Karya ini diterbitkan atas izin NovelToon Qinan, isi konten hanyalah pandangan pribadi pembuatnya, tidak mewakili NovelToon sendiri
Bab~16
"Hanna, kamu belum pulang?"
Sore itu Jovan melihat Hanna masih sibuk dengan tumpukan dokumen diatas meja kerjanya, bagaimana tidak sejak pagi wanita itu harus menemani CEO dan kekasihnya pergi berbelanja lalu di lanjutkan makan siang di rumahnya. Setelah kembali ia juga harus mengerjakan pekerjaan nyonya Catherine hingga membuat pekerjaannya sendiri terbengkalai padahal esok hari sudah harus siap karena akan di gunakan untuk meeting.
"Sepertinya saya lembur lagi tuan Jovan," sahutnya menatap pria itu dengan wajah lelahnya di tengah seberkas senyum yang tunjukkan.
"Apa butuh bantuanku?" Jovan nampak menarik kursi lalu duduk di hadapan wanita itu.
"Terima kasih tuan Jovan tapi saya bisa mengatasinya sendiri," tolak Hanna menanggapi lantas kembali menatap layar monitor di hadapannya tersebut.

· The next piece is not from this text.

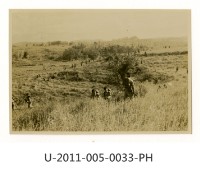 藏品(《台南高工開校十周年記念祭寫真帖》學生軍事演習照)的圖片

"Panggil aku Jovan saja Hanna! sepertinya kita seumuran juga," mohon pria itu karena panggilan wanita itu terlalu resmi hingga membuat mereka terlihat seperti memiliki jarak.
Hanna hanya tersenyum menanggapi, bagaimana ia bisa memanggilnya dengan nama saja sedangkan saat ia melihat ibunya ketika di rumah bosnya tadi siang pria itu memang pantas di sebut sebagai tuan muda. Nyonya Lucy memang selalu berpenampilan glamor dan serba mewah.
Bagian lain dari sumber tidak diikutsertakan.